Based on photos of this Santa Cruz band, I’d question whether or not any of them were of legal drinking age. Whatever. The dudes in The Faceless all look like babies, too, and The Faceless are fucking amazing.
And if you like The Faceless, I’d wager you wil like Son of Aurelius.
This is progressive tech-death of the highest order. I’m already drooling over thoughts of a utopian future in which The Faceless, The Binary Code, and these dudes all tour together.
Bassist Max Zigman apparently went to Berklee, which doesn’t surprise me. All of these dudes can play the shit out of their respective instruments. But like the aforementioned bands, Gorod, or Origin, this band hasn’t substituted deedily-doo for actual songwriting.
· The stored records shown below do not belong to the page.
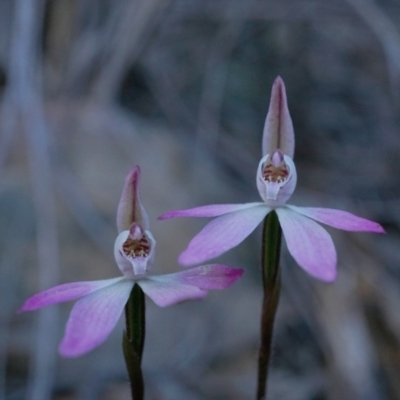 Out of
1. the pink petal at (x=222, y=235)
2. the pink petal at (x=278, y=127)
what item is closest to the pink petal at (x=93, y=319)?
the pink petal at (x=222, y=235)

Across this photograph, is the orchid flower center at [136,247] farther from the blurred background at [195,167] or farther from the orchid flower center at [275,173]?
the blurred background at [195,167]

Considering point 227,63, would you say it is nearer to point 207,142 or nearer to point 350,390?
point 207,142

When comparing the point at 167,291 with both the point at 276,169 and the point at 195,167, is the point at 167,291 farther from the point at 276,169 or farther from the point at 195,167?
the point at 195,167

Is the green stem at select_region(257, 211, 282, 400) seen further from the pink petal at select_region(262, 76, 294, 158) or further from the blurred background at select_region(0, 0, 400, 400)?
the blurred background at select_region(0, 0, 400, 400)

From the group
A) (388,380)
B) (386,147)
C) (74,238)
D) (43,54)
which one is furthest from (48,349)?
(386,147)

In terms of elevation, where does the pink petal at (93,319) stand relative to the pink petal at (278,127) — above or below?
below

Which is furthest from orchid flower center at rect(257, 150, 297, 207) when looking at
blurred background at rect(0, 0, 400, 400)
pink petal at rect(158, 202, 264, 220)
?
blurred background at rect(0, 0, 400, 400) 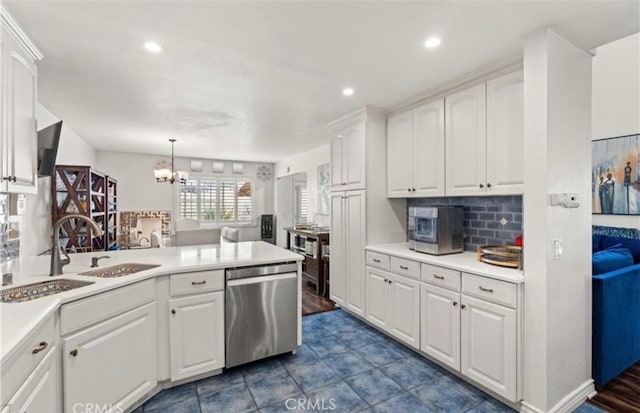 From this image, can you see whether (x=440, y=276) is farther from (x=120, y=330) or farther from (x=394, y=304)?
(x=120, y=330)

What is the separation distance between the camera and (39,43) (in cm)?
197

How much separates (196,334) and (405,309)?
1796 millimetres

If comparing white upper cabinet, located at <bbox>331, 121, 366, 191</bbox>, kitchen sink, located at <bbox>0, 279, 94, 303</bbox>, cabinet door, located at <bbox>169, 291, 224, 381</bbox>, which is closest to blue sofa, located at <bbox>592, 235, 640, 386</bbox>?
white upper cabinet, located at <bbox>331, 121, 366, 191</bbox>

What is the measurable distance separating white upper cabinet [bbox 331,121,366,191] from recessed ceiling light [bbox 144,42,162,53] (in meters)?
2.08

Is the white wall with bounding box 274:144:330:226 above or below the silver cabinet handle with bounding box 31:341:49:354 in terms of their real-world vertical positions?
above

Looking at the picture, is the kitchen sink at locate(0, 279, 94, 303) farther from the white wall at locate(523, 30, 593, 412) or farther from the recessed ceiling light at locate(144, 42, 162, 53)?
the white wall at locate(523, 30, 593, 412)

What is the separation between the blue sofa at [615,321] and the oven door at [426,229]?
114 centimetres

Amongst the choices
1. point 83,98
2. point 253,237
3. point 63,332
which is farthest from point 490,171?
point 253,237

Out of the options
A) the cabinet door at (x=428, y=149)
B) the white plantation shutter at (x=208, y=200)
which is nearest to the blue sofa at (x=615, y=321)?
the cabinet door at (x=428, y=149)

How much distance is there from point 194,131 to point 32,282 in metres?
3.22

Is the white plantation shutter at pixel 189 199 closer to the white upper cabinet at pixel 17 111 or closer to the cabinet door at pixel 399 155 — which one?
the white upper cabinet at pixel 17 111

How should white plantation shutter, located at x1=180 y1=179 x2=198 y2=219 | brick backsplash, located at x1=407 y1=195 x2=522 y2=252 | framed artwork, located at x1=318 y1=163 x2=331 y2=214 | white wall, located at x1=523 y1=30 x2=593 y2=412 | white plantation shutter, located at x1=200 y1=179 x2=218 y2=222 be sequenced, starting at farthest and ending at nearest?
1. white plantation shutter, located at x1=200 y1=179 x2=218 y2=222
2. white plantation shutter, located at x1=180 y1=179 x2=198 y2=219
3. framed artwork, located at x1=318 y1=163 x2=331 y2=214
4. brick backsplash, located at x1=407 y1=195 x2=522 y2=252
5. white wall, located at x1=523 y1=30 x2=593 y2=412

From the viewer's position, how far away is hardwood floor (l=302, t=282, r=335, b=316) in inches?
147

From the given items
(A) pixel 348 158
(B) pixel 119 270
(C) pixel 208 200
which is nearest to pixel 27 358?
(B) pixel 119 270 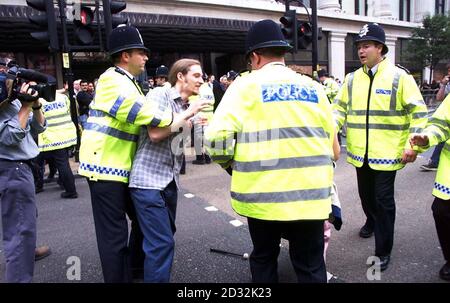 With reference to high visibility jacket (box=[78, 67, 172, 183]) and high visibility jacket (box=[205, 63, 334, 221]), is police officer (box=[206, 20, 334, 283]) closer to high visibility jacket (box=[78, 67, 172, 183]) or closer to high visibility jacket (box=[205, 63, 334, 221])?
high visibility jacket (box=[205, 63, 334, 221])

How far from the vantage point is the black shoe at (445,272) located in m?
3.25

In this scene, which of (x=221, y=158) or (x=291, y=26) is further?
(x=291, y=26)

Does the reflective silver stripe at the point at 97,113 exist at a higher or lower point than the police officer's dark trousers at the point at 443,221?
higher

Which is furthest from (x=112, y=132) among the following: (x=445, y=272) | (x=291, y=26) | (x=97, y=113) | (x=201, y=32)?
(x=201, y=32)

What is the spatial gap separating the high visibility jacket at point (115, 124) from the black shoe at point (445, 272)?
8.28ft

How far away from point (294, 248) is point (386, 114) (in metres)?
1.80

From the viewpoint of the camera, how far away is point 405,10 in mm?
29688

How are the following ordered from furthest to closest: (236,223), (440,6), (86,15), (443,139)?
1. (440,6)
2. (86,15)
3. (236,223)
4. (443,139)

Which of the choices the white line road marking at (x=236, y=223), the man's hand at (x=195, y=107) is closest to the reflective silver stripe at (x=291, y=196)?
the man's hand at (x=195, y=107)

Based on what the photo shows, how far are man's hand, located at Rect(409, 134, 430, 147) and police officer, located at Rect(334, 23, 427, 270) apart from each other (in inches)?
11.7

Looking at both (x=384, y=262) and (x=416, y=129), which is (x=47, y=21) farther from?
(x=384, y=262)

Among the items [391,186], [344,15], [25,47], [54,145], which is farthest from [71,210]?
[344,15]

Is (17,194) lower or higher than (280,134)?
lower

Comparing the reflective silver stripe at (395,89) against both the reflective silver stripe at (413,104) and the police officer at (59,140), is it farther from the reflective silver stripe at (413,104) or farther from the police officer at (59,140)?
the police officer at (59,140) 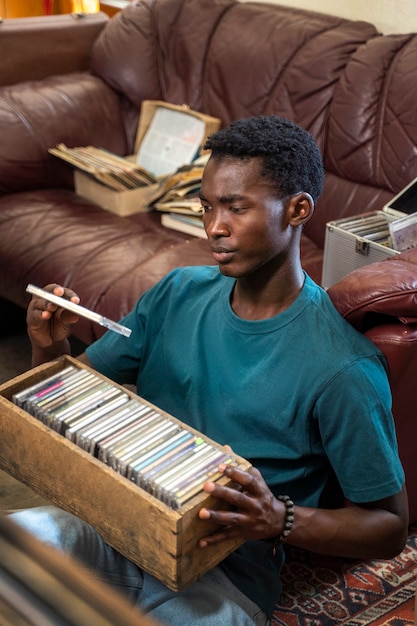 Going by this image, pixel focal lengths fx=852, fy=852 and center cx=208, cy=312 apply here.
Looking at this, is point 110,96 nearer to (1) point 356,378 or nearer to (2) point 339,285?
(2) point 339,285

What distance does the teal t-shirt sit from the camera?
1314mm

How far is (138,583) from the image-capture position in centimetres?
131

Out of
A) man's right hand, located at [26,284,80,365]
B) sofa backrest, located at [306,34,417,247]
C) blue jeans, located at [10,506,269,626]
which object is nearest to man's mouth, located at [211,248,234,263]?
man's right hand, located at [26,284,80,365]

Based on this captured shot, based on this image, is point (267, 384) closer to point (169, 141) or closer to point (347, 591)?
point (347, 591)

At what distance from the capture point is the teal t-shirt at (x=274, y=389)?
1314 mm

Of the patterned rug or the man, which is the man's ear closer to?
the man

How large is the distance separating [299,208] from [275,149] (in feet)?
0.36

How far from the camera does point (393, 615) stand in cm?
177

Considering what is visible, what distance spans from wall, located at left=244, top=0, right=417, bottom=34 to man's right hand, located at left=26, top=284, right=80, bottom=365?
1939 mm

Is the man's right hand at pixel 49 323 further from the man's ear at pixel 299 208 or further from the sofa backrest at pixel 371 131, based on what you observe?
the sofa backrest at pixel 371 131

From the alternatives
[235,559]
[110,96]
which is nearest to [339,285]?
[235,559]

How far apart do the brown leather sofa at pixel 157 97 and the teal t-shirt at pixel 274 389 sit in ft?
1.71

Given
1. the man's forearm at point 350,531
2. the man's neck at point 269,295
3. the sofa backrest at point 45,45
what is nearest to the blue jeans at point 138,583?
the man's forearm at point 350,531

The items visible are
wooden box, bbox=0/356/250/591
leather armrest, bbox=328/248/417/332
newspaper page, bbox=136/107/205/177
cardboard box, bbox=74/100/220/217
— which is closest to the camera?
wooden box, bbox=0/356/250/591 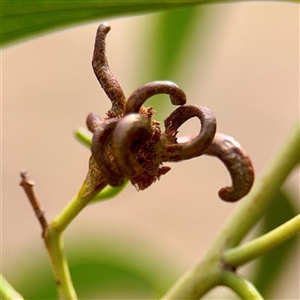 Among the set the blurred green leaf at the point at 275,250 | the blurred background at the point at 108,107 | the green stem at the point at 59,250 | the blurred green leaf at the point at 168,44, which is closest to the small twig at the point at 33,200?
the green stem at the point at 59,250

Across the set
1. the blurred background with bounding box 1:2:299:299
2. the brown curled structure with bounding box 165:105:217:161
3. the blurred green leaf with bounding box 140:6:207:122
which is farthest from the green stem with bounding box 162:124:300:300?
the blurred background with bounding box 1:2:299:299

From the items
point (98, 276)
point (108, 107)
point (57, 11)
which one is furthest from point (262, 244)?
point (108, 107)

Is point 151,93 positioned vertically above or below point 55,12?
below

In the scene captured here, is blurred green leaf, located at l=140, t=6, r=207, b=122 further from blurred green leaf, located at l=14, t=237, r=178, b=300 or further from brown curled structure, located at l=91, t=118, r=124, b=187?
brown curled structure, located at l=91, t=118, r=124, b=187

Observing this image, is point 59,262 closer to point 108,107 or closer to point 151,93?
point 151,93

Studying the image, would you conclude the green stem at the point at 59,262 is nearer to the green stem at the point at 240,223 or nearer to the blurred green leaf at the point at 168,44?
the green stem at the point at 240,223

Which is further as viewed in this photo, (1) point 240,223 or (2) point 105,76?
(1) point 240,223

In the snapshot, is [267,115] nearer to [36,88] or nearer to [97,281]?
[36,88] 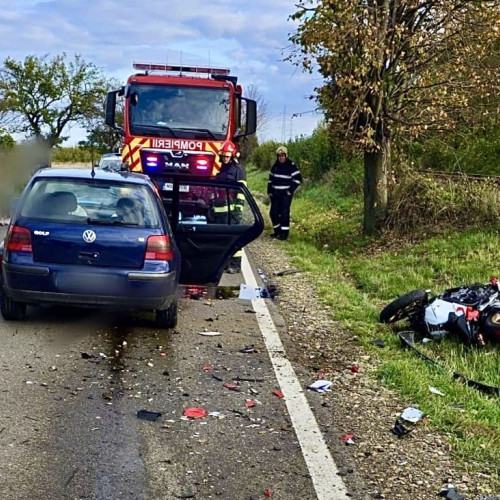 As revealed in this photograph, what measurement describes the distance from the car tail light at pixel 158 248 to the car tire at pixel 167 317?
49 cm

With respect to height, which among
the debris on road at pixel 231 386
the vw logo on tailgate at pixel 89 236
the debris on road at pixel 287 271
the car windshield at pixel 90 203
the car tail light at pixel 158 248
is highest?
the car windshield at pixel 90 203

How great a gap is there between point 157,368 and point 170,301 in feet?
3.97

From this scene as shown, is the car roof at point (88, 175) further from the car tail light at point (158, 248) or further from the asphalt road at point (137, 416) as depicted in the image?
the asphalt road at point (137, 416)

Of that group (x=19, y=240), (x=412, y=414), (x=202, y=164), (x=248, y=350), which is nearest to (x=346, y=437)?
(x=412, y=414)

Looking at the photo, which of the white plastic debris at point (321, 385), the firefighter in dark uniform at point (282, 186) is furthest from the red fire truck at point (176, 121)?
the white plastic debris at point (321, 385)

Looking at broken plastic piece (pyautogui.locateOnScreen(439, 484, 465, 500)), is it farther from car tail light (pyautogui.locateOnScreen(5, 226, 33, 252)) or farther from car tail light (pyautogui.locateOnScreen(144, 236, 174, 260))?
car tail light (pyautogui.locateOnScreen(5, 226, 33, 252))

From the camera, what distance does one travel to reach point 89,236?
6695 mm

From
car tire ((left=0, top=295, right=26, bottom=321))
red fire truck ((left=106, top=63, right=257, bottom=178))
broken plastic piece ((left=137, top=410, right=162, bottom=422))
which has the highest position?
red fire truck ((left=106, top=63, right=257, bottom=178))

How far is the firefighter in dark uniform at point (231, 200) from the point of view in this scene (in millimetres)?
8453

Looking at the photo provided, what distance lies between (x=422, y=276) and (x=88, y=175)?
485cm

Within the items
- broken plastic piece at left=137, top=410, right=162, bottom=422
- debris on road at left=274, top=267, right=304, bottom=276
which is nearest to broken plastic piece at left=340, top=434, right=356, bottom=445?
broken plastic piece at left=137, top=410, right=162, bottom=422

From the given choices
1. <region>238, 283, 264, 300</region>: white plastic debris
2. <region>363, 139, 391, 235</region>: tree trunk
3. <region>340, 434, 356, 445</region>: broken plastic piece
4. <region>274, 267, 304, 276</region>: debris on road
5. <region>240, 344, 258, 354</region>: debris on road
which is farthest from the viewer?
<region>363, 139, 391, 235</region>: tree trunk

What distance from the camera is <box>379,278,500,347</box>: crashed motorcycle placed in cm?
668

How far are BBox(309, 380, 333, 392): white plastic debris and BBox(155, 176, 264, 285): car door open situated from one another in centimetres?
274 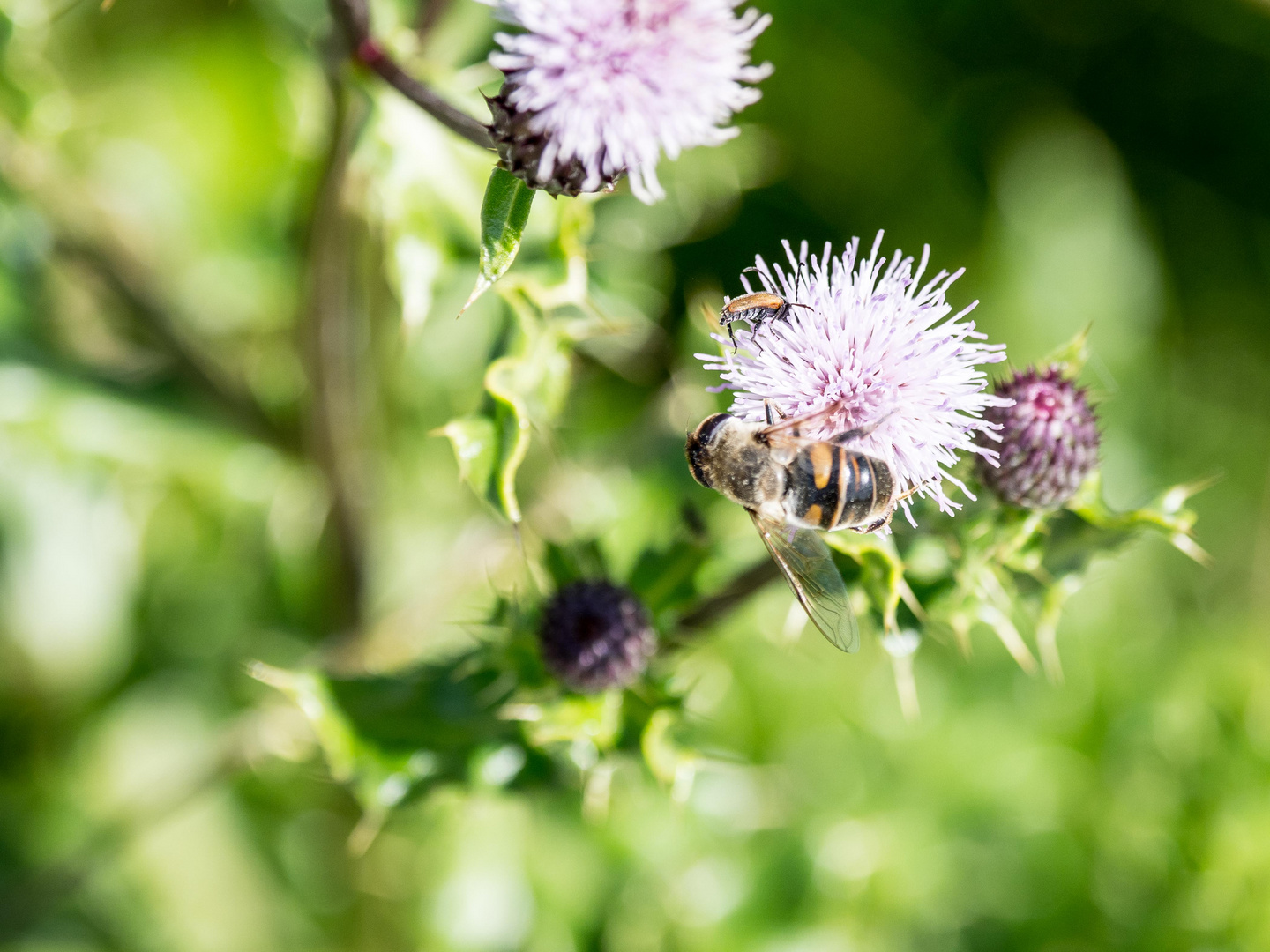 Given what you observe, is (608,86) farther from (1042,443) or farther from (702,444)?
(1042,443)

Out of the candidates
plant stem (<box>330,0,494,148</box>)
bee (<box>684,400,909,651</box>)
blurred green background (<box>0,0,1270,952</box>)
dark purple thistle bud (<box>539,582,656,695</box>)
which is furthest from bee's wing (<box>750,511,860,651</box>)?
plant stem (<box>330,0,494,148</box>)

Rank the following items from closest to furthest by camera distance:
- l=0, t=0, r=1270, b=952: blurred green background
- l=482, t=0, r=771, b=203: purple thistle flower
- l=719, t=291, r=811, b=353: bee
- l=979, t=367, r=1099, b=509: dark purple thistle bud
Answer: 1. l=482, t=0, r=771, b=203: purple thistle flower
2. l=719, t=291, r=811, b=353: bee
3. l=979, t=367, r=1099, b=509: dark purple thistle bud
4. l=0, t=0, r=1270, b=952: blurred green background

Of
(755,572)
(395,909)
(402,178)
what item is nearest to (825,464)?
(755,572)

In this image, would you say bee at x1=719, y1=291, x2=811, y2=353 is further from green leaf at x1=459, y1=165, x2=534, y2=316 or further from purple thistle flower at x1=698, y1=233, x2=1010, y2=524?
green leaf at x1=459, y1=165, x2=534, y2=316

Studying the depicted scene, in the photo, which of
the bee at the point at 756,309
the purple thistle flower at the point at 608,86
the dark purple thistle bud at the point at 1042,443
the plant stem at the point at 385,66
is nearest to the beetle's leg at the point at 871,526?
the dark purple thistle bud at the point at 1042,443

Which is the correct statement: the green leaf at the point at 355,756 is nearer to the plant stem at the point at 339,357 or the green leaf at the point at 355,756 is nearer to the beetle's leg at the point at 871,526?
the plant stem at the point at 339,357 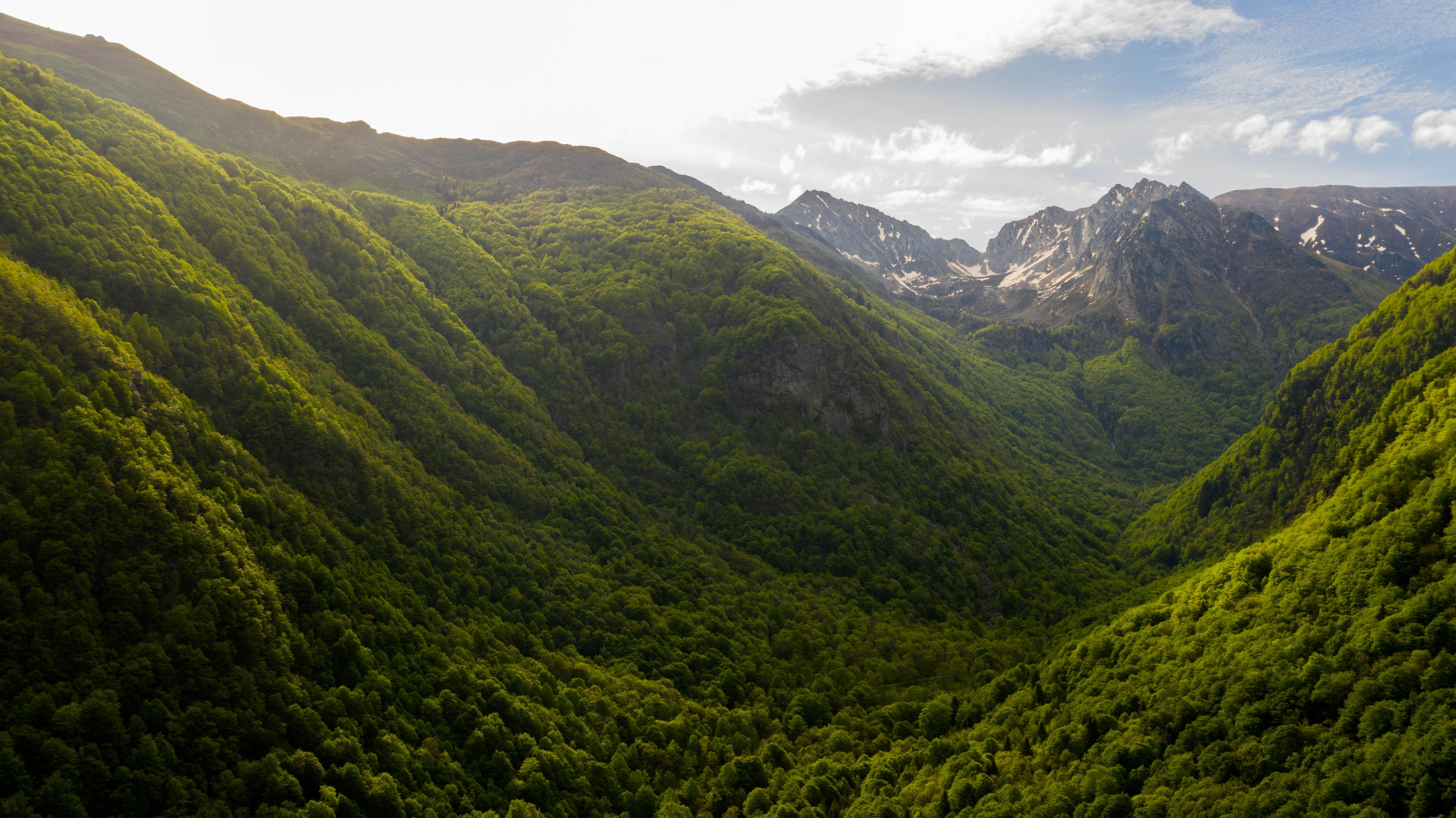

These are songs you’ll remember long after they’ve stopped playing. Not that you’ll want them to stop playing.
- The guitarists are named Chase Fraser and Cary Geare.
- Both of those names start with a verb and end with a noun.
- If SOA falls apart they can start an easy-listening acoustic band called “Chase N’ Cary.”
- “Cary Geare” must be a terrible name to have at load-in and load-out.
This band is unsigned, which is ludicrous. When I think of some of the young, newly signed bands I’ve heard as of late… it really just bonkers. Giant piece of fruit falling from the sky and landing on an old lady BONKERS.
Please check out this band. They apparently have an album called Myocardial Infraction, which is kind of a hilarious name for a metal record. I’m gonna go give it a whirl.